======== Input data ========
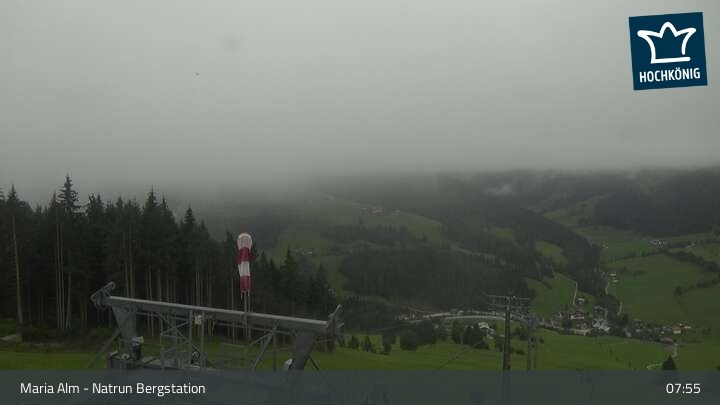 Archived image Webcam Natrun Top Station (Maria Alm)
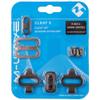 M-Wave Unisex Adult Cleat S Cleat Set for Pedal, Also Suitable for Shimano Pedals - black/silver, - view 1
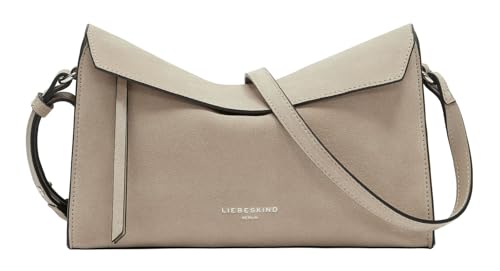 LIEBESKIND BERLIN Umhängetasche Schultertasche Lora Suede Shoulderbag Stone beige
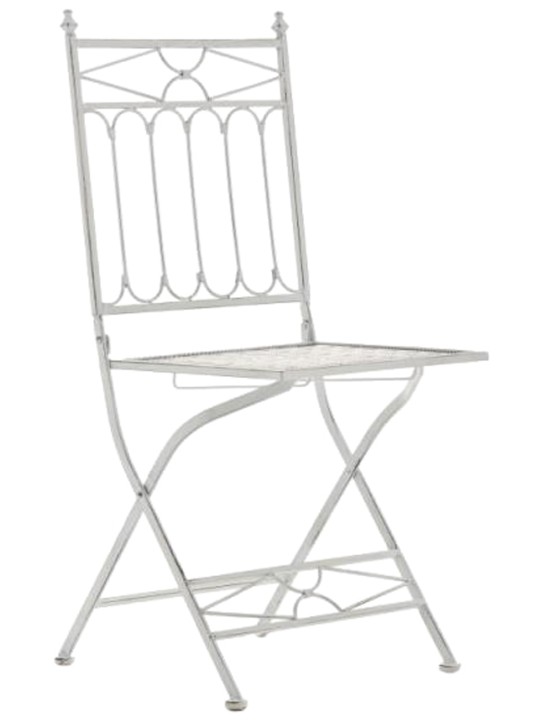Set van 2 klapstoelen Asina, antiek wit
========
About this task >> The pictures are not wanted, but every line of the listing should be duplicated exactly.

Reply >>
 Archived image Webcam Natrun Top Station (Maria Alm)
 M-Wave Unisex Adult Cleat S Cleat Set for Pedal, Also Suitable for Shimano Pedals - black/silver, - view 1
 LIEBESKIND BERLIN Umhängetasche Schultertasche Lora Suede Shoulderbag Stone beige
Set van 2 klapstoelen Asina, antiek wit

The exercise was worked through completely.